• Work instruction: Without the pictures, repeat all of the data exactly as it appears below.

• Given material:

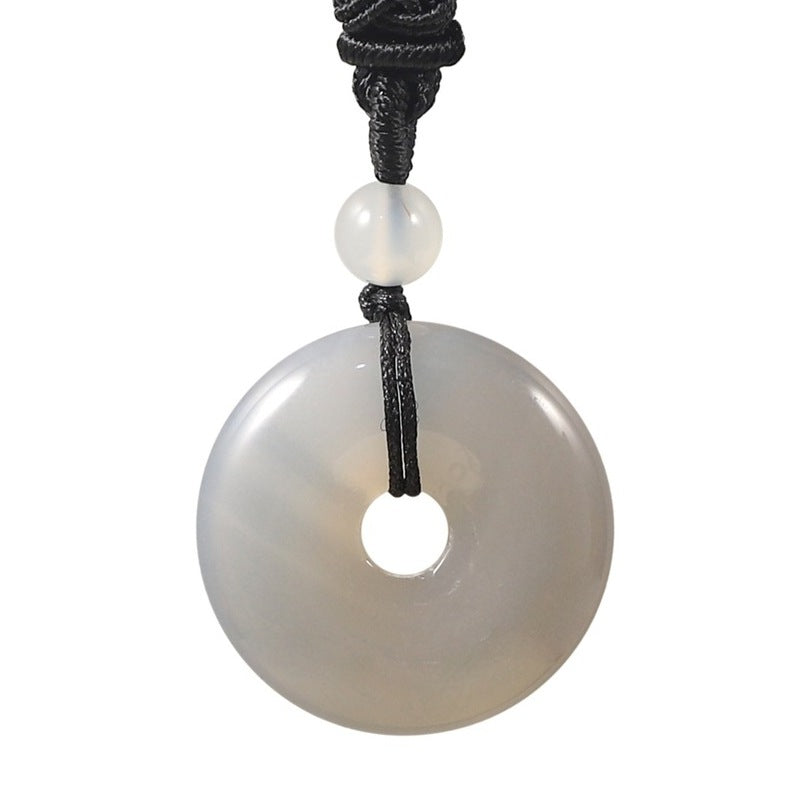 Natural Crystal "Peace Buckle" Donut Necklace: Safety & Healing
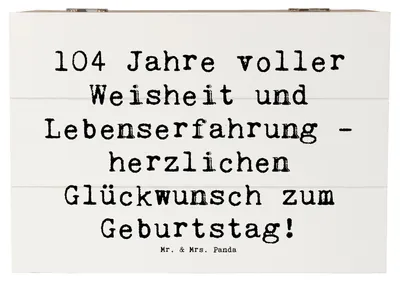 Produktbild von Mr. & Mrs. Panda Geschenkbox Spruch 104. Geburtstag 22 x 15 cm - Weiß - Geschenk, liebevoll gestaltet, Geburtstagsgeschenk, Truhe, Schatzkiste, Erinnerungskiste, Weisheit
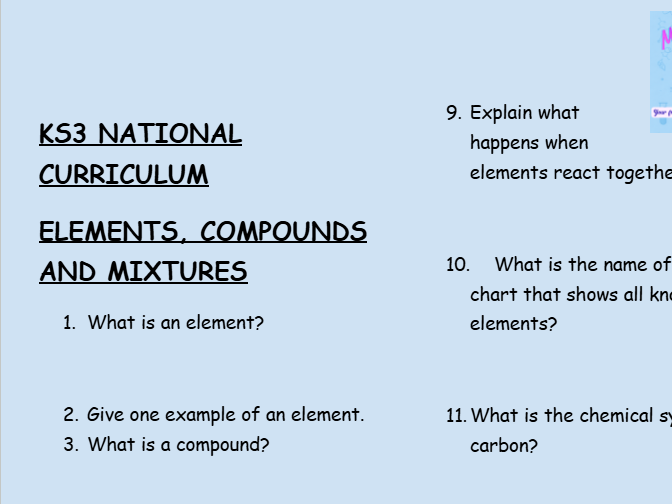 KS3 Chemistry: Elements, Compounds and Mixtures – 30 Question Retrieval Worksheet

• Written reply:
 Natural Crystal "Peace Buckle" Donut Necklace: Safety & Healing
 Produktbild von Mr. & Mrs. Panda Geschenkbox Spruch 104. Geburtstag 22 x 15 cm - Weiß - Geschenk, liebevoll gestaltet, Geburtstagsgeschenk, Truhe, Schatzkiste, Erinnerungskiste, Weisheit
 KS3 Chemistry: Elements, Compounds and Mixtures – 30 Question Retrieval Worksheet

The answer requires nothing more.